**Supplied records**:
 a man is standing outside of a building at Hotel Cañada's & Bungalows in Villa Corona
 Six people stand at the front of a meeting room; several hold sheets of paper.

---

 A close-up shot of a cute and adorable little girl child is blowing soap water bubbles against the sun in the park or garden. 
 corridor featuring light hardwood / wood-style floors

**Problem description**: Give again exactly, and only, the lines above starting at the one with "A close-up shot" and ending at the one with "corridor featuring light".

**Exercise result**:
 A close-up shot of a cute and adorable little girl child is blowing soap water bubbles against the sun in the park or garden. 
 corridor featuring light hardwood / wood-style floors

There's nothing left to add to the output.